Luís Margaça, neto de José Veiga Margaça, fundador da Sociedade Agrícola de Pias (hoje Vinhos Margaça), confirma-nos a história. E, apesar de também não ter uma explicação para o fenómeno, associa a notoriedade mais recente do nome Pias ao sucesso da marca Encostas do Enxoé, o primeiro vinho engarrafado da empresa, em 1988. Curiosamente, este vinho foi um acidente. "A dada altura, o meu avô entendeu que um determinado tinto não tinha qualidade e deixou-o estar num tonel. Passaram-se um ou dois anos e, de repente, o vinho mudou de perfil. Engarrafou-o e, naquela altura, o sucesso desse vinho ficou sempre ligado a Pias. Ainda hoje guardo artigos com elogios rasgados ao Encostas do Enxoé".

De uma forma ou de outra, não se pode duvidar de que, a dada altura, os brancos e os tintos de Pias (se calhar suaves, se calhar perfumados, sabe-se lá) terão agradado a muita gente. Só pode.

Ora, perante toda esta confusão de vinhos de Pias que podem nascer em Espanha ou Itália, como é que os consumidores se defendem? Bom, lendo com atenção os rótulos e contra-rótulos. Neste momento, e segundo Francisco Mateus, existirão no mercado umas sete marcas de vinho com o nome de Pias, e que, como vinhos regionais alentejanos, contêm, de facto, vinhos do Alentejo. Todavia, tais vinhos tanto podem ser de Pias como de Portalegre ou de Arraiolos. Mas lá que terão de ter vinho do Alentejo, isso assim será, porque foram certificados pela câmara de provadores da CVRA.

Em consequência, todos as embalagens ou garrafas com o nome Pias que não tenham o selo de vinho regional alentejano no rótulo tanto poderão ter vinhos das regiões do Alentejo, do Tejo ou de Lisboa como - e há muitos casos - vinhos da União Europeia. Ou seja, vinhos não portugueses e não certificados, rotulados apenas com a categoria Vinho.

Agora que muita gente sente atracção pelos vinhos Bag in Box por razões de preço (são fantásticos para o negócio da restauração), apetece berrar o seguinte para acordar os mais distraídos: quando uma embalagem tem apenas a designação Vinho, isso quer dizer o seguinte: se tiver no contra-rótulo escrito Produto de Portugal é porque tem vinho português (de qualidade questionável, não certificado, mas ainda assim português); mas se tiver escrito "Vinho da UE", tanto pode ter vinho português misturado com vinho de outros países como só ter vinhos de países estrangeiros.

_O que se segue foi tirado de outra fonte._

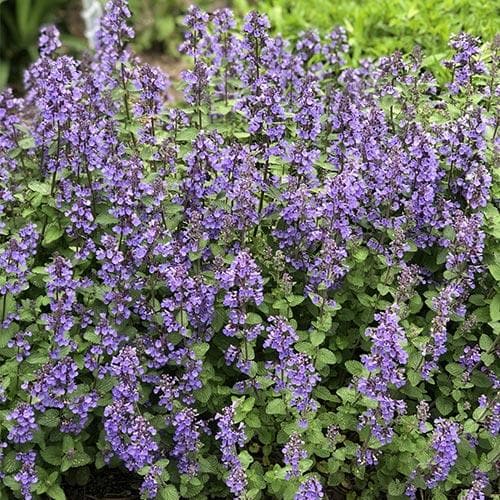 Catmint Nepeta x faassenii (2Ltr Pot)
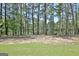 Scenic view of a peaceful pond surrounded by mature trees, creating a tranquil and natural setting at 82 Airmont Dr, Sharpsburg, GA 30277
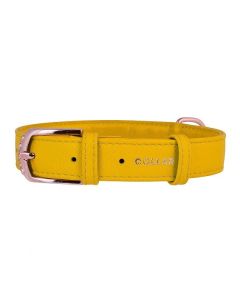 Collar: Kožna ogrlica Glamour Fashion, žuta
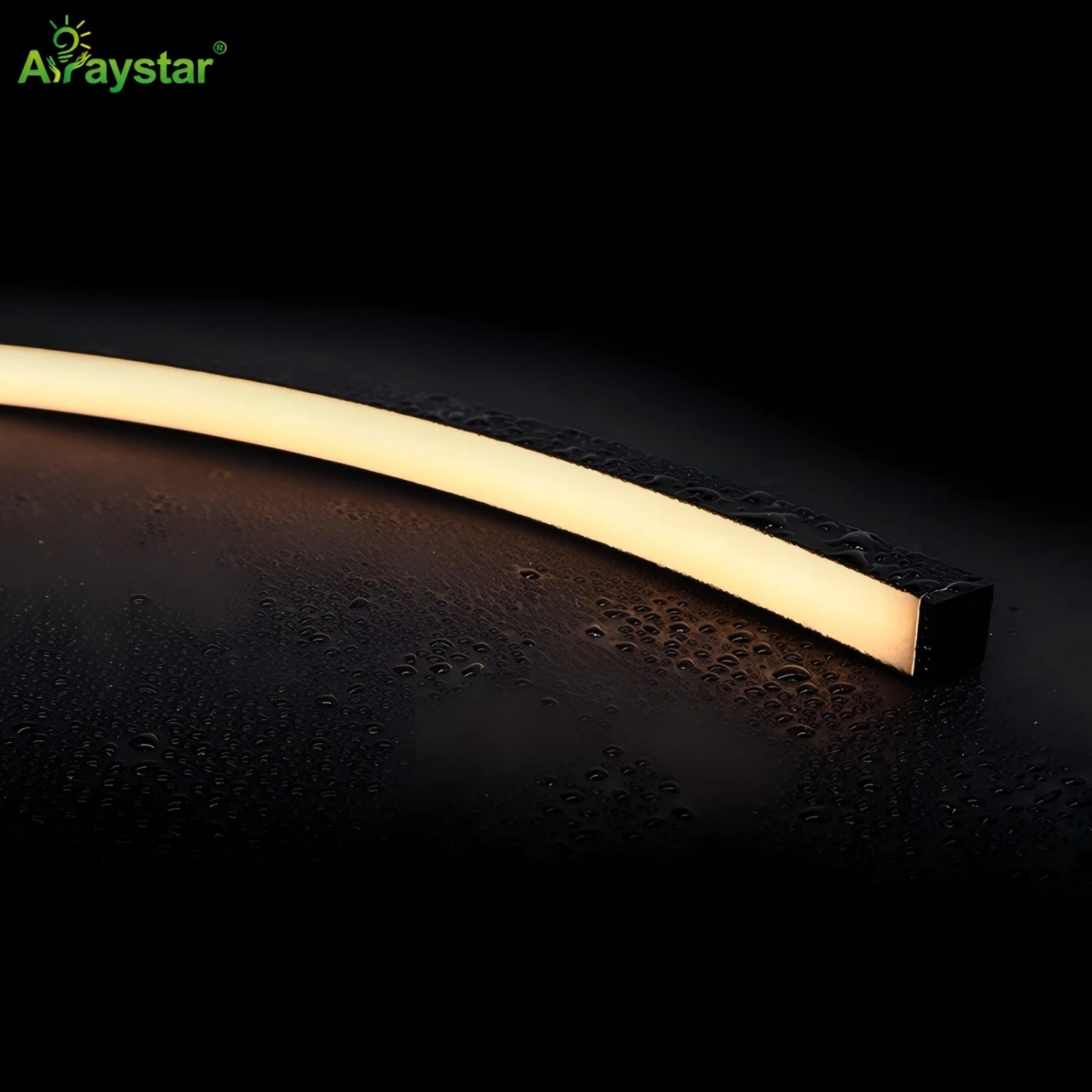 Black Housing LED Neon Strip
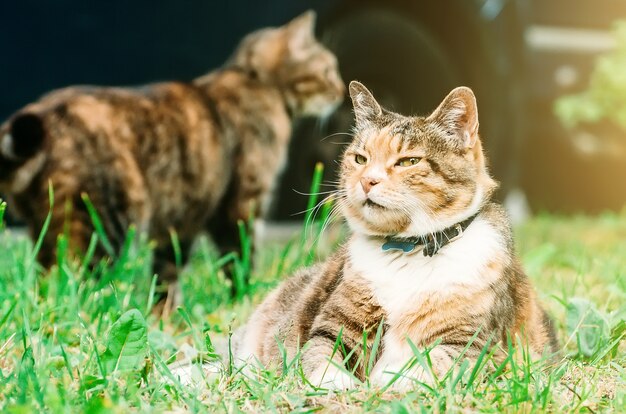 Premium Photo | Fat pussy cat lies on a grass meadow, in the background ...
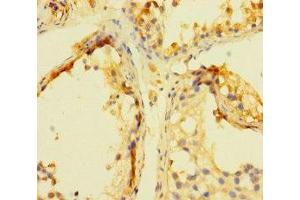 Immunohistochemistry of paraffin-embedded human testis tissue using ABIN7165649 at dilution of 1:100 (INCA1 抗体  (AA 1-236))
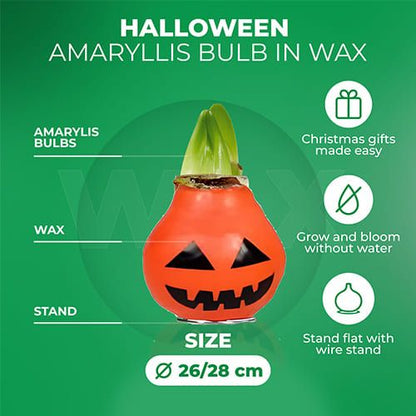 Wax Amaryllis Halloween Bulb Amarylia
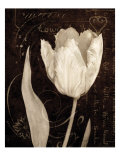 Garden Architecture II reproduction procédé giclée par Amy Melious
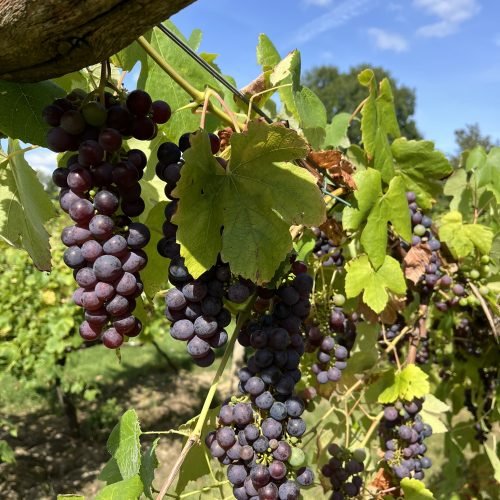 Vineyard pics (39)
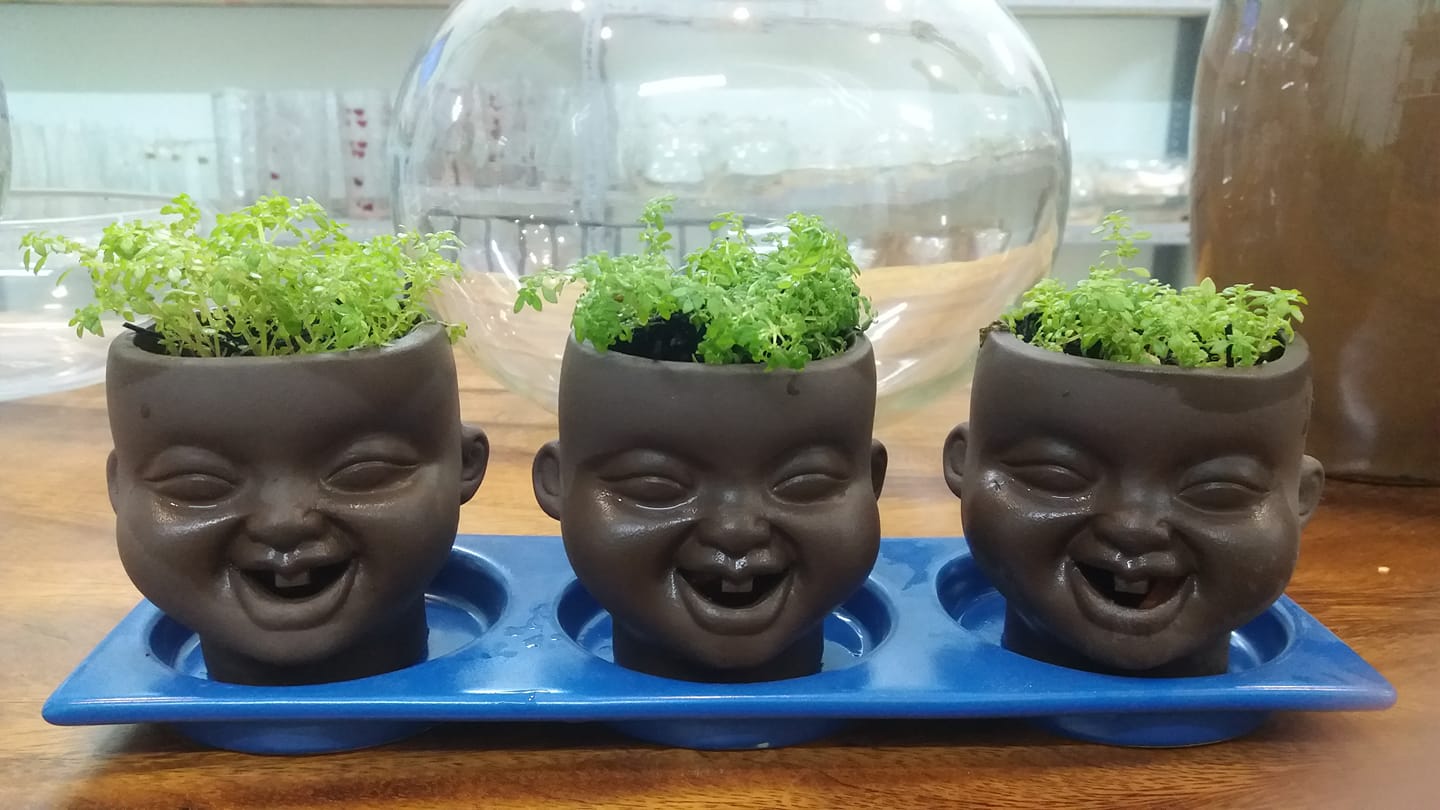Chậu đất nung tí sún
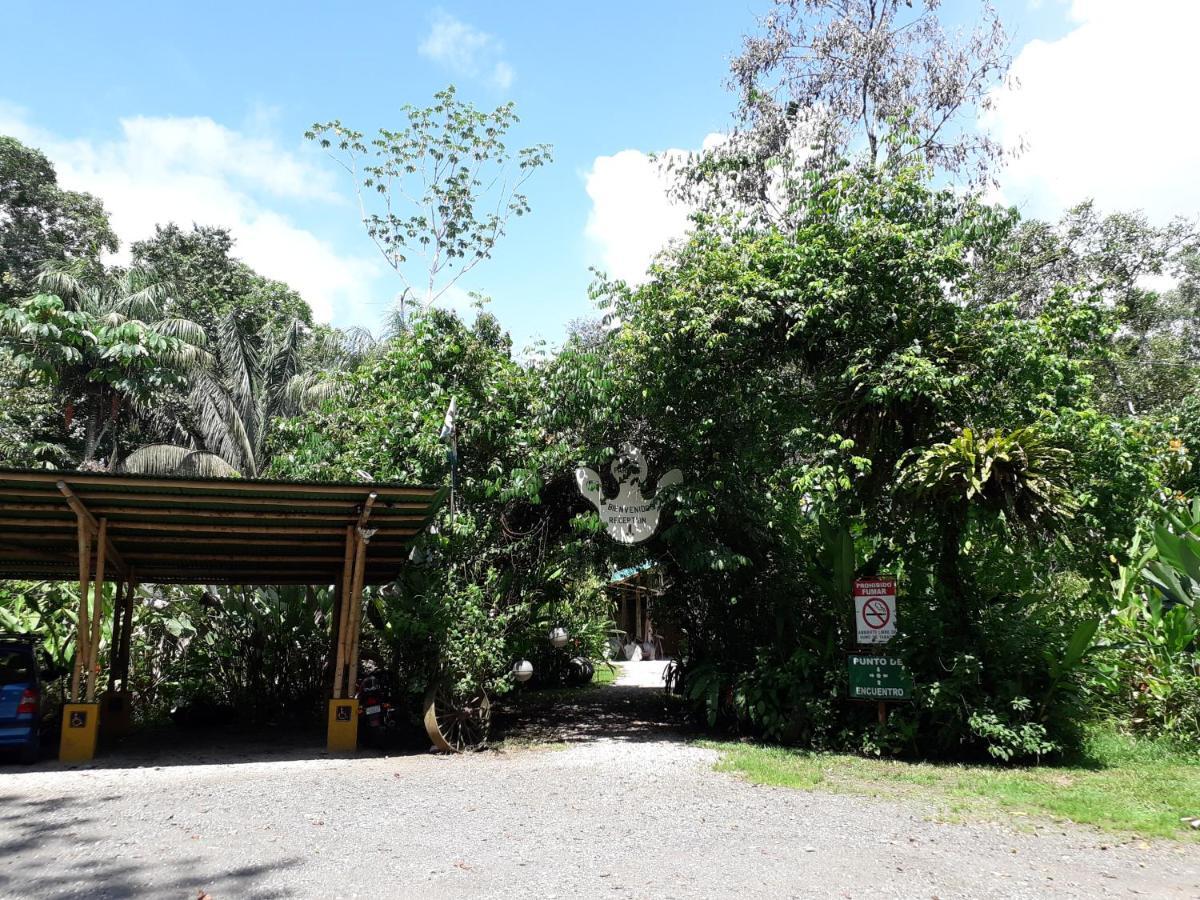 Danta Corcovado Lodge Rincón Extérieur photo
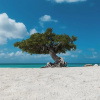 Отель Aruba Breeze 4, фото 35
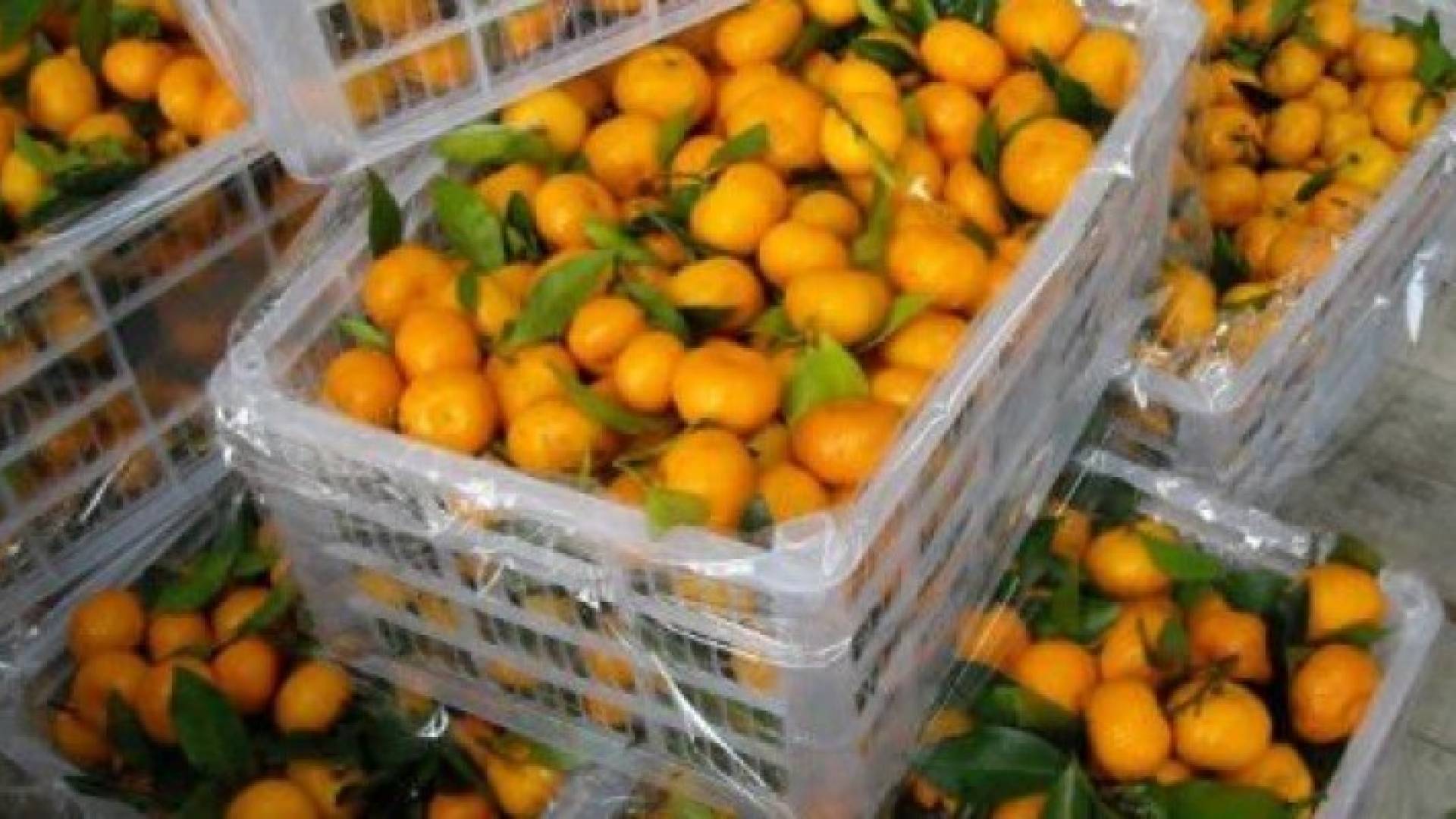 ارشيفية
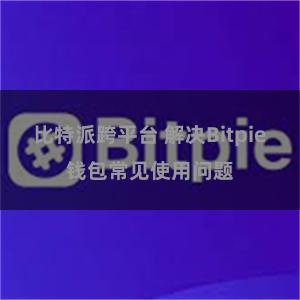 比特派跨平台 解决Bitpie钱包常见使用问题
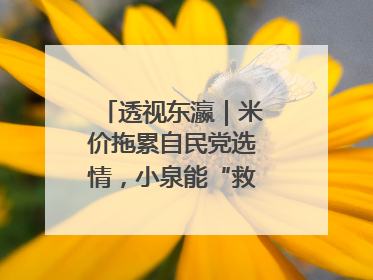 透视东瀛｜米价拖累自民党选情，小泉能“救”石破茂吗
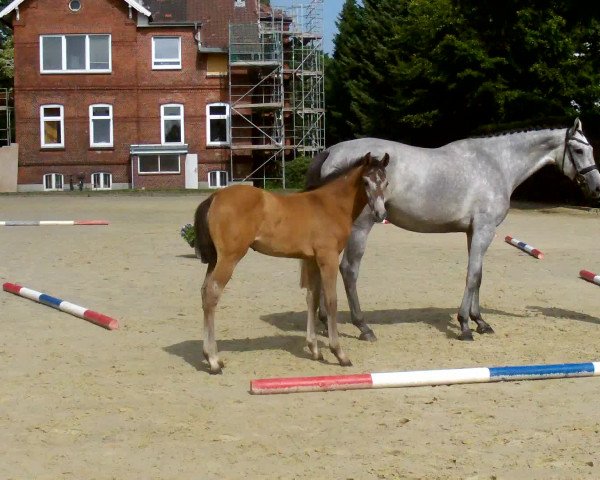 Video von Leo Locke KB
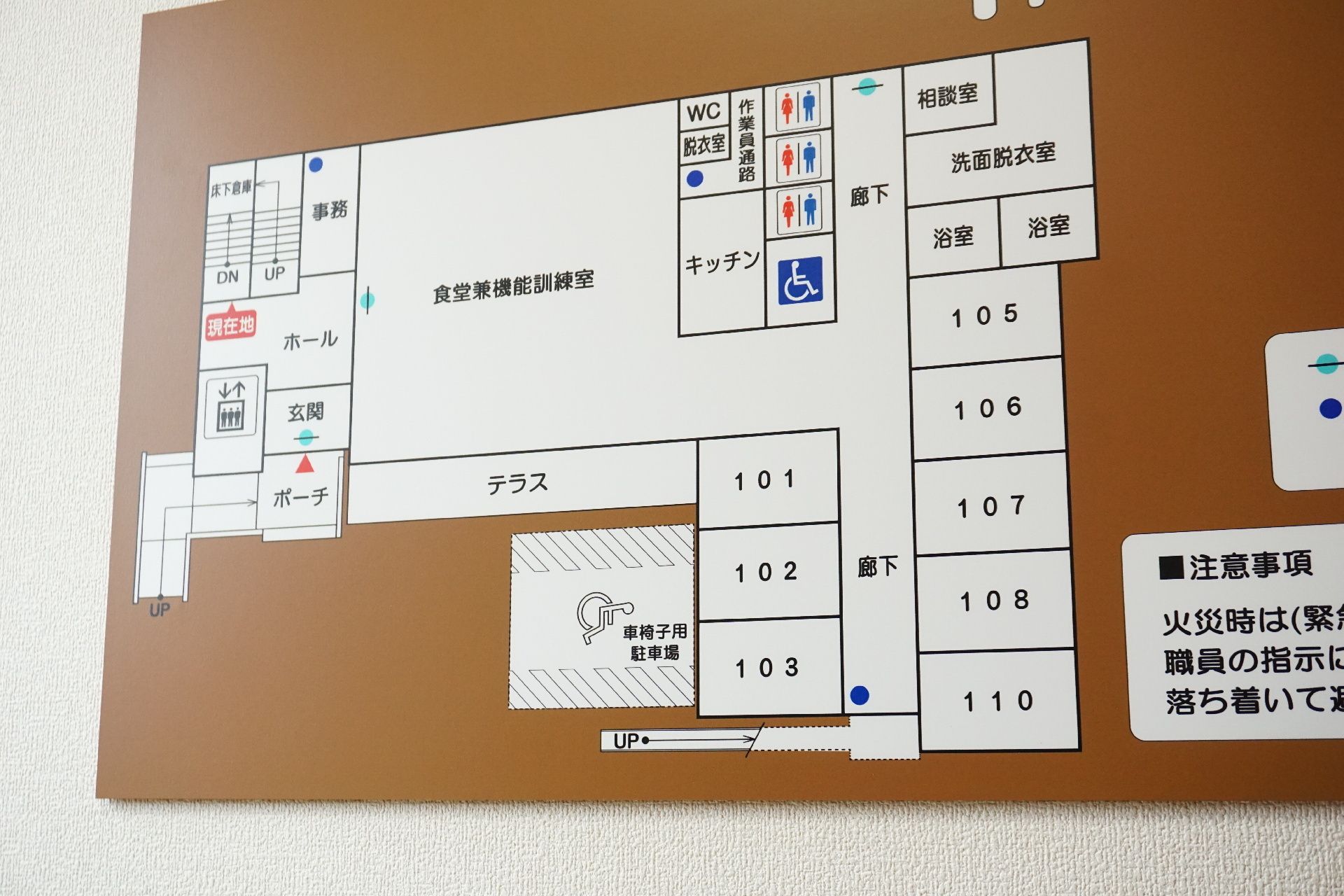 車いすに乗った女性に話しかけるスタッフとの2ショット。笑顔を見せている高齢の女性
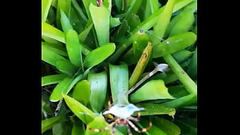 V&iacute_deo de verificaci&oacute_n Thumb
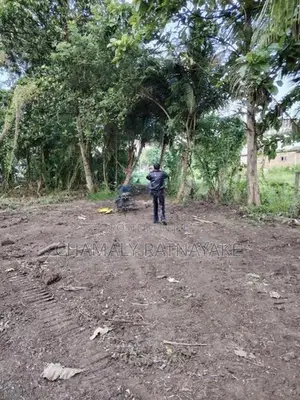Land for Sale in Ibbagamuwa
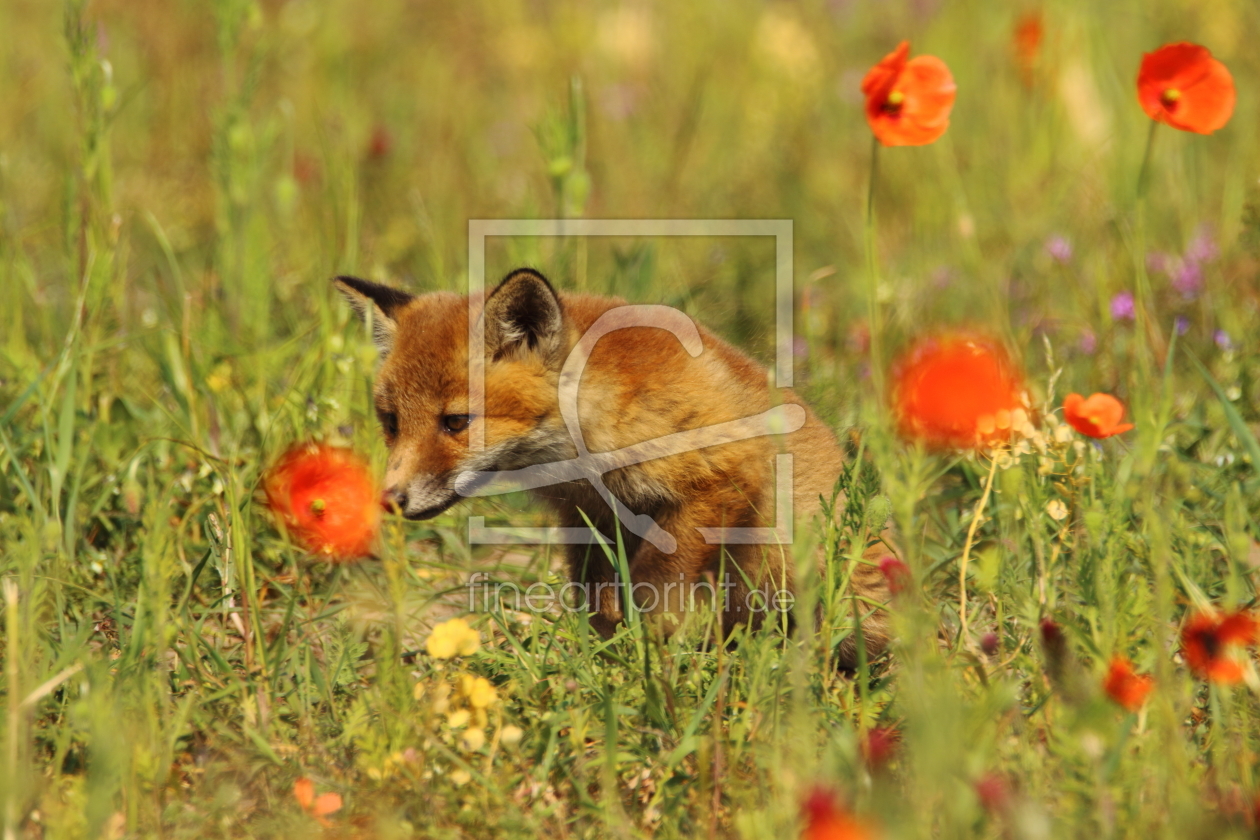 Bild-Nr.: 11756752 kleiner Rotfuchs im Mohnfeld erstellt von Uwe Fuchs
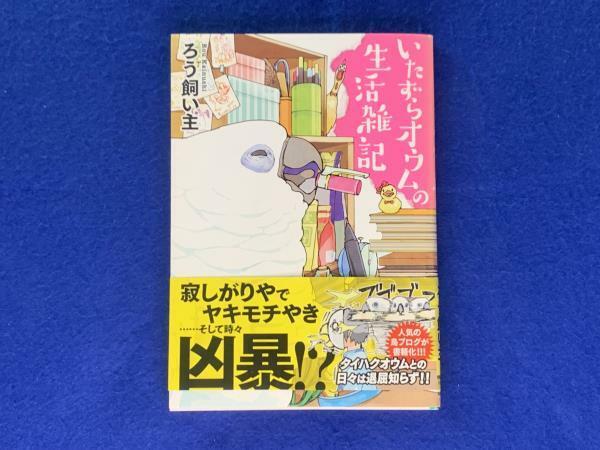 KK344　いたずらオウムの生活雑記　ろう飼い主　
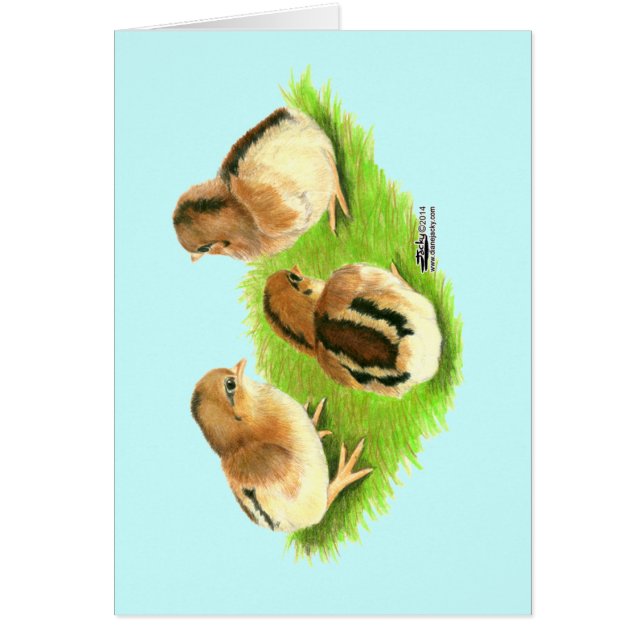 Aseel Black Red Chicks (Front)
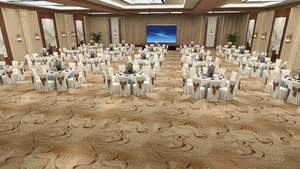 2024 indah High-end dinding untuk karpet dinding pemasok perjamuan Hall dan koridor axberujung karpet - Product Image 3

A gente sabe que alguns agentes económicos são manhosos, mas, caramba, o conceito de Denominação de Origem Protegida - uma das melhores invenções da civilização - já tem décadas. E, que se saiba, o analfabetismo quase desapareceu em Portugal. Uma coisa é querermos fazer um bom negócio, outra é acharmos normal comprar um bom vinho quase ao preço da água.

Eu conheço gente que quando compra uma camisa lê com detalhe aquelas irritantes etiquetas coladas nas peças, mas perante um produto alimentar é tirar da prateleira e meter automaticamente no carrinho das compras. Ou seja, o que vai em cima da pele merece cuidado, o que vai para o estômago logo se vê.